Thursday, June 26, 2014

after a long time

This was a long winter.

It followed a tense and difficult fall, and was only broken by a busy and stressful spring. Now summer is opening up on the Ranch with clouds of mosquitoes and the sweetness of Alberta roses. Mornings are warm and bright. Everywhere is green leaves or blue sky. I come in at the end of each day smelling like sunscreen and bug spray and horses. Just like I used to.

Except.

I haven't slept in a month. Every day I force my body to do the things bodies are supposed to do in the daytime: have open eyes, put food in mouth, go to work, speak to other people, shower, brush teeth, wait for sleep. When the day is over and I think sleep might come, it eludes me, always. I am awake while everyone sleeps. The dog snores. Eric faces away from me, buried in his pillow. I keep checking the time on my phone, lighting up the room with little disappointments -- it's just later and later and later.

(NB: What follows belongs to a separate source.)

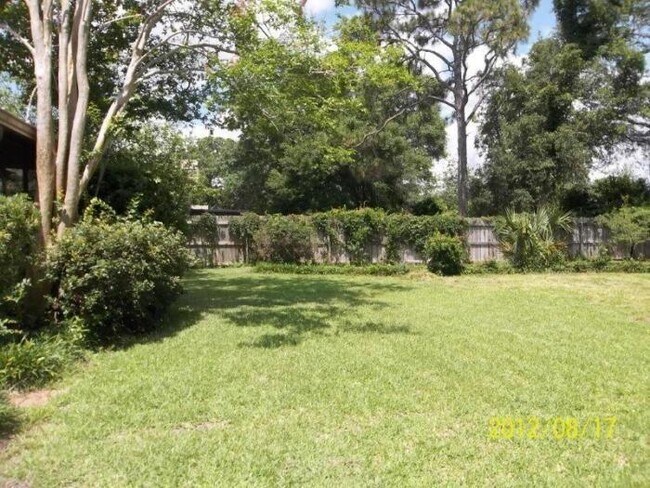 Building Photo - 623 Spencer Dr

If I didn't live in the wilderness, I would leave the house. We used to stay up until dawn, remember? Talking and talking and talking and talking over craft beers and sometimes pipe tobacco and sometimes campfires, and always Garneau. I don't know what they do now, if they still do that without me.

But now I'm in the quiet of the countryside. No cars, no backyard parties next door. Just the hum of bugs in the air and the wind in the trees. The breaths of horses and the songs of frogs. And at three in the morning, before the birds have woken up and before the sun thinks of rising, I'm awake and alone.

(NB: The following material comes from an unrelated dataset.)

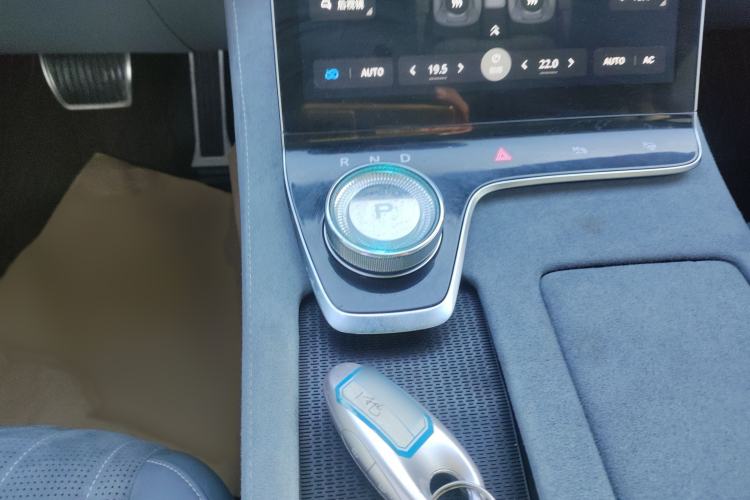 Used VOYAH PASSION 2023 Four-Wheel Drive Standard Edition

It's been months since I've written anything. I tried to strangle out a poem this winter, but it wouldn't give. I've been reading a lot about the creative habits of writers and artists, trying to glean what it is that makes art work for them and not for me. It is hard work for them, too, but they've got an idea to start with. Something to go on. To work towards finishing. The process after that idea comes is different for everyone.

How long do you wait for an idea? At what point do you just surrender to your life? To going to work, speaking to other people, making plans with friends, being a nice wife, a worthwhile citizen? To putting on sunscreen in the morning, running my hands over the smooth summer coats of our team of Belgian horses, to standing on the deck next to Eric and looking out at the wide green world? There is nothing wrong with any of these things. They could be enough, maybe.

But I would like both. The ideas, the words -- and to surrender to my regular life. And, of course: to sleep for a month straight.